14 miles @ 12 min/mi
A goose eyes me as I approach, then steps aside to let me proceed down the Anacostia River Trail. On my return trip there's a kitten taking a dust-bath. It dashes away to join its more cautious mother in the brush by the path. Bladensburg Waterfront Park then beckons to me from the other bank of the Anacostia River, so I cross the footbridge to investigate. The pedestrian bridge is less than a year old, too new to show up on Google Maps or Microsoft's Virtual Earth imagery. The park visitor center is locked, as are the restrooms there, but a water fountain on the backside of the building grudgingly dispenses a trickle of off-tasting H2O — enough to dilute the vile mixture of instant tea and salt that I'm experimenting with today as a Gatorade-substitute.
My daughter has to be at the University of Maryland for some hours this Saturday afternoon, so as her driver I take advantage of the opportunity and do a clockwise loop: across campus to Paint Branch Trail, downstream past Lake Artemesia to Northeast Branch Trail, and south thereon to where the Northeast and Northwest Branches merge and form the Anacostia.
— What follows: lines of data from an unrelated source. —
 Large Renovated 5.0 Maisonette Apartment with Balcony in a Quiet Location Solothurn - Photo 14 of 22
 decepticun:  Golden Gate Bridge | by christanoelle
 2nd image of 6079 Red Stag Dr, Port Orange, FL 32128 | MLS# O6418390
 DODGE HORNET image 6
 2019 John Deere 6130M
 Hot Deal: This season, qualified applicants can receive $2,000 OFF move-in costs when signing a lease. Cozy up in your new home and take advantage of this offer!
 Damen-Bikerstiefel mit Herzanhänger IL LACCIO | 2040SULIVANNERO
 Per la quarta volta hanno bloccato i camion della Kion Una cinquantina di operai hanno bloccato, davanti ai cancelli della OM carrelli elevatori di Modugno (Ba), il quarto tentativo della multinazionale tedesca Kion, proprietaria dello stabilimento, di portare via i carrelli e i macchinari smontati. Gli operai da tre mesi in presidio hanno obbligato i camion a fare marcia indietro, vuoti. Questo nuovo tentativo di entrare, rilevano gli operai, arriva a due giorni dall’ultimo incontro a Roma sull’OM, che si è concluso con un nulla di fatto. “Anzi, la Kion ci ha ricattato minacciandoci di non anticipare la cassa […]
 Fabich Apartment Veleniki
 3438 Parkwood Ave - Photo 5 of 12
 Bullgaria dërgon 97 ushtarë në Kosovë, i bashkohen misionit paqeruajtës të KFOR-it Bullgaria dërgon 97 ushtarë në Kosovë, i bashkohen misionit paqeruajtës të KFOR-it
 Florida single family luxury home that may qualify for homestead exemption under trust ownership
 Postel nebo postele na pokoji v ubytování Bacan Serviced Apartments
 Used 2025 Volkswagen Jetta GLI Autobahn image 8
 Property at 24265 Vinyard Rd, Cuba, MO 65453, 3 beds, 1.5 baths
To add a few miles I do an out-and-back along the Anacostia River Trail, with the digression to the waterfront park, and then swim upstream through Hyattsville along the Northwest Branch Trail. I return to the UM campus via University Blvd. I pray for cool rain but get only a few unsatisfying sprinkles; temperatures are in the 60's and humidity is near 100%, so I'm sweating. My homemade electrolyte solution (a quarter teaspoon of salt and about half an ounce of sweetened instant tea mix, dissolved in 20 ounces of water) might not be bad if I had made it half as strong. Fortunately I begin the trip with two big bottles of real Gatorade, so my hydration remains adequate.